* _PROMPT_:
Report the number of lines in the data below where the string "Junior" shows up, and only that number.

┄┄┄┄┄┄┄┄┄┄

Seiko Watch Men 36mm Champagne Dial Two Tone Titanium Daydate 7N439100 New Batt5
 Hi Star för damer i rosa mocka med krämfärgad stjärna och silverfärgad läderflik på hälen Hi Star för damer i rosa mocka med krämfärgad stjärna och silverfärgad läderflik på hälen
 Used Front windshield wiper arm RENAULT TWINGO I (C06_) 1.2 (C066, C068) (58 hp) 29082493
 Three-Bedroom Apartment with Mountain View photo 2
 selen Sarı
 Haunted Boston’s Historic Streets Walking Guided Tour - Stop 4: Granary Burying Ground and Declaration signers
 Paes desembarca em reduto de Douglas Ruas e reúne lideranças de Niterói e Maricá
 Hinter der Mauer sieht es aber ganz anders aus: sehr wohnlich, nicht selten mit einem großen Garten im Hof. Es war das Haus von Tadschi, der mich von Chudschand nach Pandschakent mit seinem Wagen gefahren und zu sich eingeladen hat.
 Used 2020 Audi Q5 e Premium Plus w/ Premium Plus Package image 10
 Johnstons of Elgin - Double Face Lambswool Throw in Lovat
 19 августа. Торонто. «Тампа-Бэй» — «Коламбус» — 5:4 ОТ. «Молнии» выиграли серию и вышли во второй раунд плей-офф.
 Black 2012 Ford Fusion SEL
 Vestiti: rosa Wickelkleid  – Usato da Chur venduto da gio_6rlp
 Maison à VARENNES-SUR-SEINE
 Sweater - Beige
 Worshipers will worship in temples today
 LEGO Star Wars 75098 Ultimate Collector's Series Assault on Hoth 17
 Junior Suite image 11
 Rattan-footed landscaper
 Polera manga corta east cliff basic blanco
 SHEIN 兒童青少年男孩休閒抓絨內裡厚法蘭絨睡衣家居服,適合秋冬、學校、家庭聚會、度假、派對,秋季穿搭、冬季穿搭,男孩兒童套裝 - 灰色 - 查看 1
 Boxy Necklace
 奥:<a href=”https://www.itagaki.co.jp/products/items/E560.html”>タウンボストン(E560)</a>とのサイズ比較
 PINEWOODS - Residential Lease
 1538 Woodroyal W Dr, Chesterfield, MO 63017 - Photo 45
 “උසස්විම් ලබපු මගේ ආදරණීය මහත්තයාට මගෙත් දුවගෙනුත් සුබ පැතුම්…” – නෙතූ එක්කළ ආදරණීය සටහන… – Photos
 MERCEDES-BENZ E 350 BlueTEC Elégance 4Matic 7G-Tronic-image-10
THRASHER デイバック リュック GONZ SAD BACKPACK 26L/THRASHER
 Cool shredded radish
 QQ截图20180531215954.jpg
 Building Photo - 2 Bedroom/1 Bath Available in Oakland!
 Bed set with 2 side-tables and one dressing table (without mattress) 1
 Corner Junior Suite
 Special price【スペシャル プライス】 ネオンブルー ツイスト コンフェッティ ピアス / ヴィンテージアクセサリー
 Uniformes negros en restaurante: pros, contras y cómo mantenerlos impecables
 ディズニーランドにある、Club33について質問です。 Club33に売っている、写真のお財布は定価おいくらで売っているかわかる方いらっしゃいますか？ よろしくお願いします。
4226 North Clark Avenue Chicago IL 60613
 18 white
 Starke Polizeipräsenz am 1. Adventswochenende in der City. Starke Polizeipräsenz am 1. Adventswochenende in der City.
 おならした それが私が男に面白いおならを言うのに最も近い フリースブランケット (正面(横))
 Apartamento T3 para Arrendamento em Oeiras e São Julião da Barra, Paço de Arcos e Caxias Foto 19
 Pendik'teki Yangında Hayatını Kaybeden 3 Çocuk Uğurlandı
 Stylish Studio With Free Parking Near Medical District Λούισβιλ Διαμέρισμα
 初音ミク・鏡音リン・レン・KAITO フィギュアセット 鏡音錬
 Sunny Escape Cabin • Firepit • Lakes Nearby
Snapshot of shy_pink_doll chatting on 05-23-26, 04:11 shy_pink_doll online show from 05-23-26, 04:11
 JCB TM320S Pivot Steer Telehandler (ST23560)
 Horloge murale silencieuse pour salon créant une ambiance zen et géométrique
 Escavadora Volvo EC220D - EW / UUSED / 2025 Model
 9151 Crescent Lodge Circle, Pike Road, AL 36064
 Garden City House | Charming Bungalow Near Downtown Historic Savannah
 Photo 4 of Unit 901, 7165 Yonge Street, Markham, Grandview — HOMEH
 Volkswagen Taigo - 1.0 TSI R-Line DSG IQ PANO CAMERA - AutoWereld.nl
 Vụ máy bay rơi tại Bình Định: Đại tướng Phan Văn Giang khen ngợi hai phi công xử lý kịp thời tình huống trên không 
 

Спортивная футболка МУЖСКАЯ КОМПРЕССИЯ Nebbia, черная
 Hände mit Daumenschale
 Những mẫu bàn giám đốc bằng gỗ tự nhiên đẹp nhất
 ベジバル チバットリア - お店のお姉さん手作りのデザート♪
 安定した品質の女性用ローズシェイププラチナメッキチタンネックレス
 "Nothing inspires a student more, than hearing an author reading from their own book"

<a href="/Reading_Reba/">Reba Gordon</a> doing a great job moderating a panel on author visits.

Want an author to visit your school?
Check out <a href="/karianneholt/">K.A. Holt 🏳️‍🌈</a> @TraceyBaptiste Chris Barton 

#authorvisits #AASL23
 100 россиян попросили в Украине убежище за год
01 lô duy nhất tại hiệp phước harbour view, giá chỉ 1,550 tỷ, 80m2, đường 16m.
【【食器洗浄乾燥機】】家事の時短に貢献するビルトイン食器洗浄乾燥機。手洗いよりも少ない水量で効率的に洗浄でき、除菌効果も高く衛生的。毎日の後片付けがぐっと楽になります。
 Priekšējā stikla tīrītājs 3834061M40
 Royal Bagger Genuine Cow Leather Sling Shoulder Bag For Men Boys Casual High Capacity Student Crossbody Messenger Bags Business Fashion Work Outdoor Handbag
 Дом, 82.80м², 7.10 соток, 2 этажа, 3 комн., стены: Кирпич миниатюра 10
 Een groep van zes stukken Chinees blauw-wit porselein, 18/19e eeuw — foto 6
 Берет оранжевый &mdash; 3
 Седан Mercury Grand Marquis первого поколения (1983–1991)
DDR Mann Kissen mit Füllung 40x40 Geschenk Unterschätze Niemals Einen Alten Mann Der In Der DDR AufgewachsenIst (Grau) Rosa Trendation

┄┄┄┄┄┄┄┄┄┄

* _RESPONSE TO THE EXERCISE_:
2